COLLECTED MATERIAL Start Marker

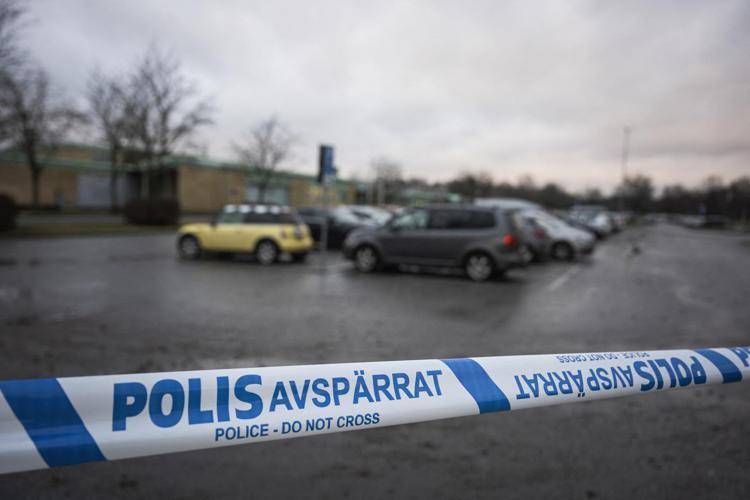 Strage nella scuola in Svezia, indagini su movente: "Killer era solo"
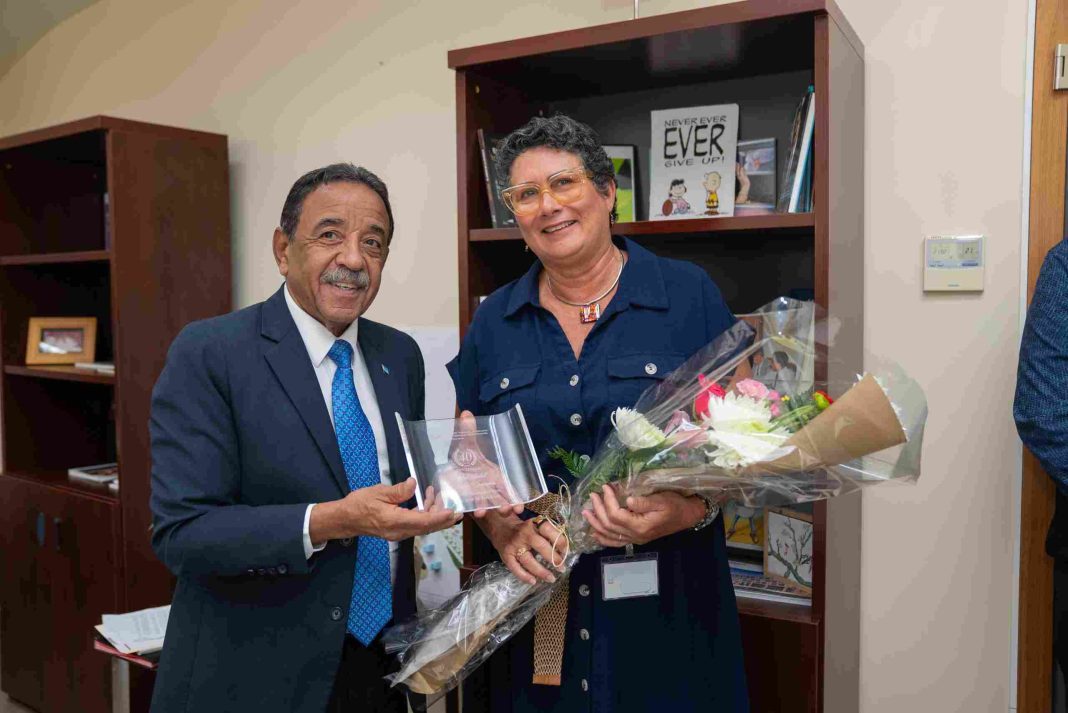 Isabel Alves Dammers geëerd voor 40 jaar dienst bij de Arubaanse overheid Isabel Alves Dammers geëerd voor 40 jaar dienst bij de Arubaanse overheid (Picture by: 24ora.com)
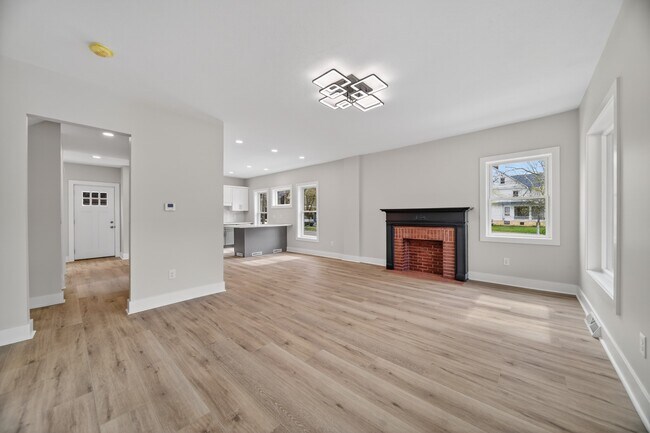 Foto del edificio - 729 W 9th St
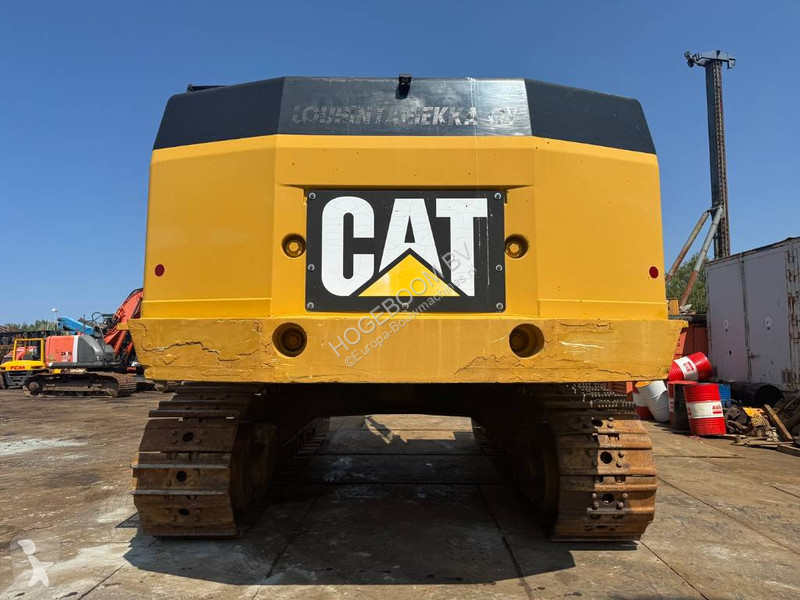 Escavatore Caterpillar L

COLLECTED MATERIAL End Marker

Nothing but the text of the listing should be set down, exactly, with the pictures left behind.

ANSWER SPACE:
 Strage nella scuola in Svezia, indagini su movente: "Killer era solo"
 Isabel Alves Dammers geëerd voor 40 jaar dienst bij de Arubaanse overheid Isabel Alves Dammers geëerd voor 40 jaar dienst bij de Arubaanse overheid (Picture by: 24ora.com)
 Foto del edificio - 729 W 9th St
 Escavatore Caterpillar L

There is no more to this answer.